Source: Fire Pit & Patio Project - Imgur

Step 1

I first measured and marked the layout for the patio fire pit. This is where the pool was for several years.

Step 2

I made a homemade water level, which does the same thing as an expensive laser level, but this one was built with scraps.

Step 3

Let the digging begin! I dug down 7 to 9 inches, depending on the level of the sod.
I then dumped crushed stone in the area, then leveled and compacted it so the depth of stone averaged about 5 inches.
For the next layer, I added 1 to 2 inches of sand.

Step 4

I then divided the area up like a pie and leveled one section at a time. The level of the sand determines the final level of the patio, so getting it right was very important.

Step 5

I ran string from stake to stake on the level lines I made earlier. I then set a steel pipe in the sand under the string and shifted it up or down to the level I needed. After tamping down the sand, I used a board to screed the excess sand from the top.

Step 6

Once the sand was leveled, the fire pit was ready for pavers. I used about 700 pavers.

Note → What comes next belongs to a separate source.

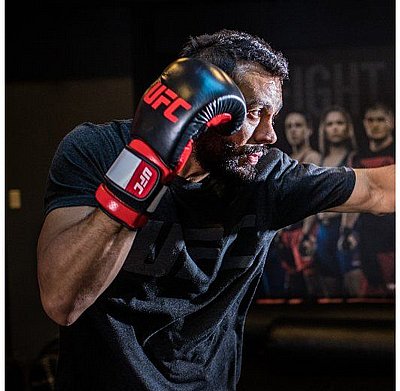 ����� ����� UFC ���� ����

First, I started with the fire pit stones, and then I added a ring of pavers. I was careful to make sure they were laid in a true circle. Note that the center stake has been replaced with pipe so that a guide string can rotate freely around it.

Step 7

I continued outward, laying the pavers and leveling the outer edge by hand. I quickly learned that you must check the angle of every single paver to be sure it has the right orientation.
Next, I brushed some sand into the cracks to keep them from moving too much during the next few steps.

Step 8

I placed edging around the outside, and then leveled up the fire pit. Then, I glued the center pavers together. The fire pit blocks were about $1.50 each.

Step 9

I hosed out a lot of the coarse sand that was between the pavers, making room for the good stuff. I then applied a very fine paver-locking (polymeric) sand. It has a flexible glue that is activated by moisture, which lasts several years. I used the same stuff on a patio in the front of my house about 4 years ago, and it's very resistant to weed growth & washout.

Step 10

Four weeks and about $1,200 later, we had our new fire pit & patio! The patio itself only cost about $800, but the patio furniture and plants were about $400.